EXERCISE OBJECTIVE: Some lines in the listing may contain the word "RailAnalysis". Say how many, with the number alone.

DATA SHOWN:
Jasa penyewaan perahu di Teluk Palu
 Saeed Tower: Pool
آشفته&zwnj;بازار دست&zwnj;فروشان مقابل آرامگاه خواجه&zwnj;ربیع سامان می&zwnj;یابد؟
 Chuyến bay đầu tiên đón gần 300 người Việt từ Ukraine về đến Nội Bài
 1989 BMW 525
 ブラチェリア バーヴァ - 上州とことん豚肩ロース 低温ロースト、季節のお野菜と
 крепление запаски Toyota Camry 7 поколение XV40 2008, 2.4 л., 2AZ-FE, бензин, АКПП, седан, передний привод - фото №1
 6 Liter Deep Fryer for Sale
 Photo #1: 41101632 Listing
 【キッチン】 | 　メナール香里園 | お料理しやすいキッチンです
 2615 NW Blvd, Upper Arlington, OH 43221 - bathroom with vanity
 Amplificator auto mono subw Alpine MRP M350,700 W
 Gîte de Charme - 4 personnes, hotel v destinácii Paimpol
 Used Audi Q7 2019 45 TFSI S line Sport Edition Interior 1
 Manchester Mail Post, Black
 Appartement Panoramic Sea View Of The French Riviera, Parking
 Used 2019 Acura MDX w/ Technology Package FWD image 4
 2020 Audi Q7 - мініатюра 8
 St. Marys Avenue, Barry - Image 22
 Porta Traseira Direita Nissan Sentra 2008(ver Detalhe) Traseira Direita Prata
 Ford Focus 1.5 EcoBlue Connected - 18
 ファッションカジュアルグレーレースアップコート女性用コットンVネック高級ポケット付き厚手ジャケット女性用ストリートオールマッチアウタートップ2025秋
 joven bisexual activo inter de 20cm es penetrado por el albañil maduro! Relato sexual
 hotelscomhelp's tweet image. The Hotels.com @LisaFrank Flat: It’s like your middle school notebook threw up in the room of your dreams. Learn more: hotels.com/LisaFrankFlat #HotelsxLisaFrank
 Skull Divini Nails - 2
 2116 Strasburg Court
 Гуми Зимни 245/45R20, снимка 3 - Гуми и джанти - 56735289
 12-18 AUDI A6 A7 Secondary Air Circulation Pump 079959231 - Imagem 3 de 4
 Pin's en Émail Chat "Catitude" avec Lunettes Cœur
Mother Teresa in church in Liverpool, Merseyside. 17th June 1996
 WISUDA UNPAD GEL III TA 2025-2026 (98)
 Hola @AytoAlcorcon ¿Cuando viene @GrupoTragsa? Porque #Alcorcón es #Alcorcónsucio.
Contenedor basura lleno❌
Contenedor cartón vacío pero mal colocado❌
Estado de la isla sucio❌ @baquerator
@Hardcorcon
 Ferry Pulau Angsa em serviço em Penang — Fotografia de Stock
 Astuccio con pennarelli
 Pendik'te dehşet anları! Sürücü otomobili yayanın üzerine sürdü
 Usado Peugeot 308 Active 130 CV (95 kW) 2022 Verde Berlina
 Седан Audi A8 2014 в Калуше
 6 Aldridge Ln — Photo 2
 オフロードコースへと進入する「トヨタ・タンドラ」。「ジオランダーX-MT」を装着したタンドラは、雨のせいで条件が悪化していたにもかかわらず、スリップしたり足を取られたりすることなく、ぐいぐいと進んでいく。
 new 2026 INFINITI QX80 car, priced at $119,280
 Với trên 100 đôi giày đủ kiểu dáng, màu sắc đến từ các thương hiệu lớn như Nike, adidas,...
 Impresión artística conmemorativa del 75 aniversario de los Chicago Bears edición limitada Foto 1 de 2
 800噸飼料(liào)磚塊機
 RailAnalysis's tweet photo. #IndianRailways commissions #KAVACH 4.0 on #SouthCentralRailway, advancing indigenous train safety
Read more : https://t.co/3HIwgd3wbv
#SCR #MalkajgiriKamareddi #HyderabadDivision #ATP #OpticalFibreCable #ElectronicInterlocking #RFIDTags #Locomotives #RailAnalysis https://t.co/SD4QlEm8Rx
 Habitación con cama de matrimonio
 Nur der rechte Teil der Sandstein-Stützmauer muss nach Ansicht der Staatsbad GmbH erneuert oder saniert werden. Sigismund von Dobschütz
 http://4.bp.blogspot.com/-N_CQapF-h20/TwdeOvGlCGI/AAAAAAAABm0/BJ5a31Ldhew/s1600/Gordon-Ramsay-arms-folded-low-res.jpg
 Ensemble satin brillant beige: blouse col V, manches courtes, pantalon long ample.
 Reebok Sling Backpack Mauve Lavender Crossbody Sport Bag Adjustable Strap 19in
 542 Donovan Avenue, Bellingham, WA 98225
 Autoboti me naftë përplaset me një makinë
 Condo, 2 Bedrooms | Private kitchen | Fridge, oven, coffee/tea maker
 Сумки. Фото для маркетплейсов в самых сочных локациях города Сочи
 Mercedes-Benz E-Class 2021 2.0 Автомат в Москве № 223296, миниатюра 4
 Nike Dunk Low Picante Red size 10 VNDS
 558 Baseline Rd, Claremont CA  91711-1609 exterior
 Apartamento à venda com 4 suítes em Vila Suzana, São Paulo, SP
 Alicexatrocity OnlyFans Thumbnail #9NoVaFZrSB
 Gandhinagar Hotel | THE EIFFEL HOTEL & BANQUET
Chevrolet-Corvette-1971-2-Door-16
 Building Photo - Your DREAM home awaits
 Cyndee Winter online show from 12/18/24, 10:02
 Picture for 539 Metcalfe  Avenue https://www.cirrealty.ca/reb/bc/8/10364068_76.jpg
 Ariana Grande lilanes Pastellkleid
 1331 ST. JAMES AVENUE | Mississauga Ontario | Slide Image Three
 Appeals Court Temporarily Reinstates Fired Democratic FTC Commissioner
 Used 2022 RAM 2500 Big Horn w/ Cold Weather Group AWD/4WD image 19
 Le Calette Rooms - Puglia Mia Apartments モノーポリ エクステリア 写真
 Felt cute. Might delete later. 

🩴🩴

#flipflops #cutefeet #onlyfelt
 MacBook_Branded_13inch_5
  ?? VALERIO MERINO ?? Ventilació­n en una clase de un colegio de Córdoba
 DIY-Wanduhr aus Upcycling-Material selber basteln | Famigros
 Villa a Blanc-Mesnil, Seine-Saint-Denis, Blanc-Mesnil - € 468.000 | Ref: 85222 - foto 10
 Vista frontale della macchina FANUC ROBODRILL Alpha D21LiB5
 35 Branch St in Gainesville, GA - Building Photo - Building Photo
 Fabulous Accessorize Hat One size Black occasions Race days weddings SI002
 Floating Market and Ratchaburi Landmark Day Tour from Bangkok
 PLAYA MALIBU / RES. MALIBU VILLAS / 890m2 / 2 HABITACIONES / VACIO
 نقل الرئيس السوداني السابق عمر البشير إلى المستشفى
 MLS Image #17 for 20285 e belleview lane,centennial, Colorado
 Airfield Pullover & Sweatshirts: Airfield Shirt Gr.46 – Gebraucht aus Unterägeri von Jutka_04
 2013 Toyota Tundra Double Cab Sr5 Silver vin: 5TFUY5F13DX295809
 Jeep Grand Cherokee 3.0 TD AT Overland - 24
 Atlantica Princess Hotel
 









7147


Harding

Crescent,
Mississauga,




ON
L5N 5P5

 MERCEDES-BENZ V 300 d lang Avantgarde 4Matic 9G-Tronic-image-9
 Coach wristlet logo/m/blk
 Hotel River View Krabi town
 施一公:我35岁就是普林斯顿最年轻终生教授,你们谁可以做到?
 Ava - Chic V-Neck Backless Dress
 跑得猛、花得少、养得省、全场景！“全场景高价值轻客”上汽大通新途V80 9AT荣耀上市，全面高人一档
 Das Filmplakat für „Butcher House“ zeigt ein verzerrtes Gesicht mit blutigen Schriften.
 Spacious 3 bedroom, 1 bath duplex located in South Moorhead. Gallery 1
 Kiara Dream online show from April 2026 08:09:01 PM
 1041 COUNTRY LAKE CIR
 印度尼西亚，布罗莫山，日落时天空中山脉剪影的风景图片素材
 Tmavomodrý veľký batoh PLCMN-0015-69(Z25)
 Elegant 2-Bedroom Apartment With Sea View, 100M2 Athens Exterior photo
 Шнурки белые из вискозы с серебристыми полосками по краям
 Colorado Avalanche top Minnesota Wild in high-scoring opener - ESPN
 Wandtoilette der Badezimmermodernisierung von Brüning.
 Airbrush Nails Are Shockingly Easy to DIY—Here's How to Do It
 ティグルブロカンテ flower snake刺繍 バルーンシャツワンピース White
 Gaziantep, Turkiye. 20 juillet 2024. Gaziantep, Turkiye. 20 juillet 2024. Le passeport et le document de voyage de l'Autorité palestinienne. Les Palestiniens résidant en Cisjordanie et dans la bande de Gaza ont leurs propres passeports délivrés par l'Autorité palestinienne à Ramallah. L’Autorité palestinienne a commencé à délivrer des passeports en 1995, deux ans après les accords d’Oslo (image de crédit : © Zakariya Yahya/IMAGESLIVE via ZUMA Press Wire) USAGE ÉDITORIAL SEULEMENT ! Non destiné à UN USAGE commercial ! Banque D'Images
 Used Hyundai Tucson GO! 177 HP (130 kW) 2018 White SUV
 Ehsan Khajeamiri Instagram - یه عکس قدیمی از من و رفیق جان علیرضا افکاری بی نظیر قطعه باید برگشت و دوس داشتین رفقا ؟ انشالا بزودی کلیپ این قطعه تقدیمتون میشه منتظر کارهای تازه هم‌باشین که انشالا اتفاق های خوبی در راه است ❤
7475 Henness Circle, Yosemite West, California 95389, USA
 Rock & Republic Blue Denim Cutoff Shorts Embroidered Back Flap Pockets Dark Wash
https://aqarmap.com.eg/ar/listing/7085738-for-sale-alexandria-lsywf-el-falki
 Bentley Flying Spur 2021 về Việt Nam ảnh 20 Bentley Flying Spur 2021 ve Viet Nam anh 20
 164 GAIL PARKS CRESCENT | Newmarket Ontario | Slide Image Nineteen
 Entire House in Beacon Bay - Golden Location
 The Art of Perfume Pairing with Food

SOLUTION FOR THIS PROBLEM: 2